Mit dem Grund für das Sondermodell war ich bereits unterwegs: 2002 kam der VW Golf R32 auf den Markt, damals noch mit 3,2-Liter-V6. Doch die Zeiten ändern sich, heute regiert König Turbo beim 2,0-Liter-Vierzylinder des aktuellen VW Golf R. Aus der Maschine haben die Ingenieure noch etwas mehr Leistung herausgekitzelt.

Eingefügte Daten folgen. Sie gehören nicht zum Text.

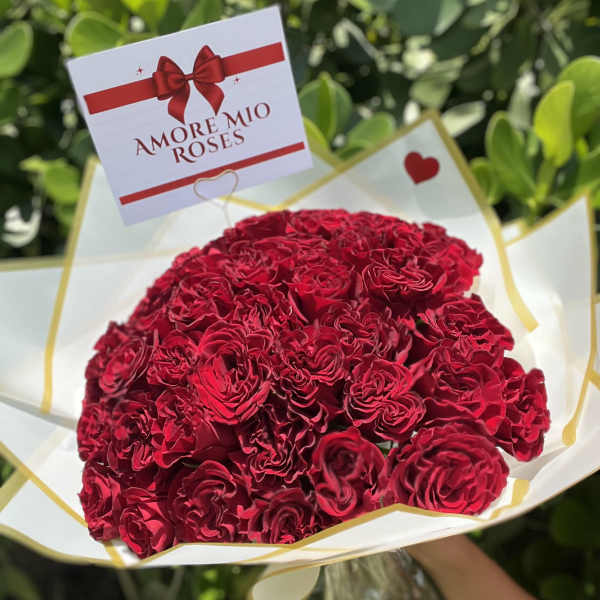 Hand-tied bouquet of tightly clustered red roses wrapped in white paper with an Amore Mio Roses card.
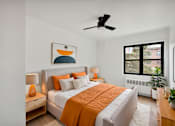 Thumbnail 14 of 49 - A bedroom with a bed, nightstands, and a ceiling fan.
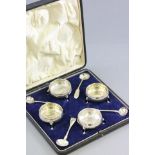 Set of Four George III Silver Salts, each with gadrooned edge and three pad feet, London 1774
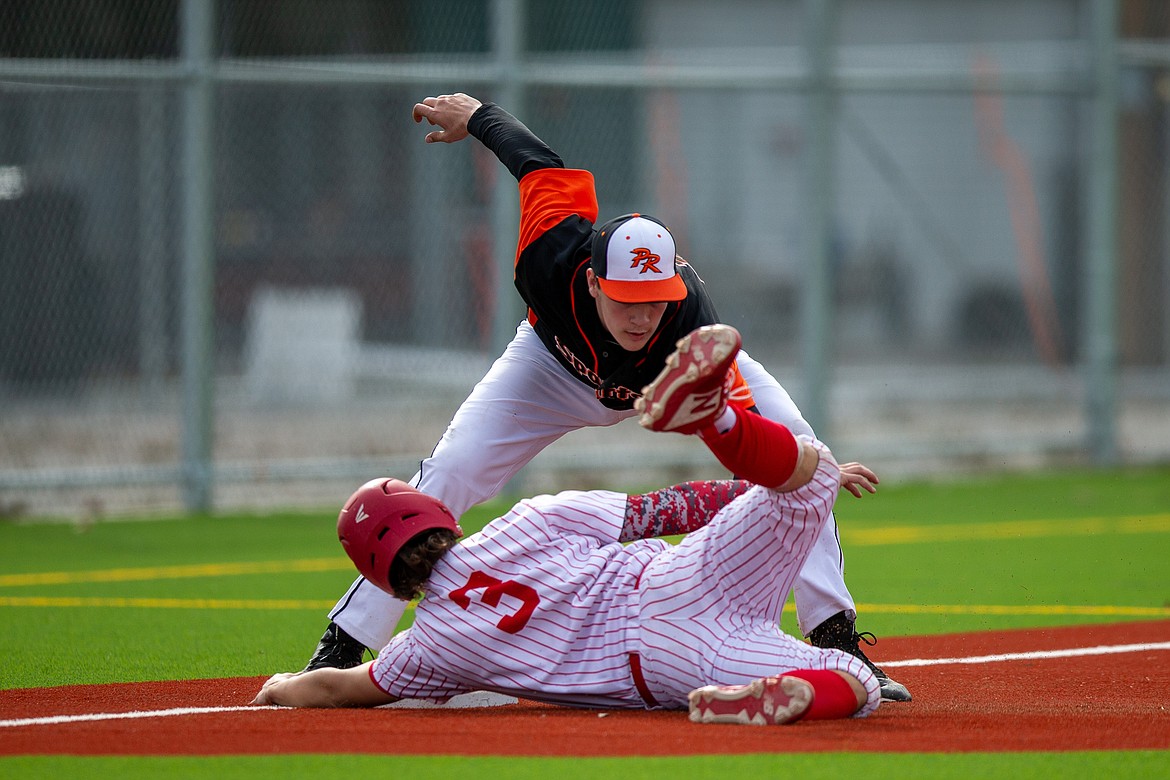 Priest River's Landon Reynolds tags Sandpoint's Trevor Brackett before he reaches third base on Thursday.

Damit schickt der allradgetriebene R-Jubilar 245 kW (333 PS) an alle vier Räder. So motorisiert, beschleunigt der Golf R "20 Years" in nur 4,6 Sekunden von 0 auf 100 km/h. Die Höchstgeschwindigkeit beträgt serienmäßig 270 km/h, der Tacho reicht bis 320.

Auf der Nürburgring-Nordschleife unterbot Rennfahrer Benjamin Leuchter im Golf R "20 Years" die bisherige Bestzeit eines Golf R um vier Sekunden. Für eine Runde auf dem 20,832 km langen Eifelkurs benötigte er nur 7:47,31 Minuten. Nicht schlecht, vor einigen Jahren brauchte man dafür noch einen Porsche.

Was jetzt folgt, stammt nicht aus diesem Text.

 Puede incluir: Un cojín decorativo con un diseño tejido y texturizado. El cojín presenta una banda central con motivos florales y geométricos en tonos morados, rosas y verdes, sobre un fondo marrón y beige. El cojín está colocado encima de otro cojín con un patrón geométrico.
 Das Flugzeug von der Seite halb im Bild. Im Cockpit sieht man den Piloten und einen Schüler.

Bildergalerie: Volkswagen Golf R "20 Years" (2022)

Immer an Bord des "20ers" ist unter anderem R-Performance Torque Vectoring, eine Weiterentwicklung des Allradantriebs, die exklusiv den R-Modellen vorbehalten ist. Das System verteilt die Antriebskraft variabel zwischen den Achsen sowie dem linken und dem rechten Hinterrad. Im Extremfall können dem kurvenäußeren Rad bis zu 100 Prozent der am Heck verfügbaren Kraft zugeführt werden. Dadurch wird verhindert, dass das Fahrzeug beim Herausbeschleunigen aus sehr schnell gefahrenen Kurven in Richtung des äußeren Kurvenrands schiebt (Untersteuern).

Die Folge: maximale Kurvengeschwindigkeiten bei exzellenter Traktion und bestmöglicher Fahrstabilität. Dafür sorgen auch der Fahrdynamikmanager, der die intelligente Abstimmung der elektromechanischen Fahrwerksysteme orchestriert, sowie das serienmäßige R-Performance Paket.

Dieses bietet neben den Fahrprofilen "Comfort", "Sport" und "Race" zusätzlich die Fahrprogramme "Drift" und "Special". Letzterer ist gezielt auf die Nordschleife des Nürburgrings abgestimmt – die vielleicht anspruchsvollste Rennstrecke der Welt und traditionell das Terrain für die finale Abstimmung aller Volkswagen R-Modelle.

VW Golf R 20 Years Edition (2022) im Kurztest

Wie fährt er sich?

Zum Fahrerlebnis im Golf R "20 Years" trägt auch die Schaltcharakteristik des Doppelkupplungsgetriebes bei. Beim manuellen Hochschalten in den Fahrstufen S und S+ liefert das 7-Gang-DSG bei jeder Betätigung der rechten Schaltwippe ein spürbares Feedback des Getriebes und des Antriebsstrangs.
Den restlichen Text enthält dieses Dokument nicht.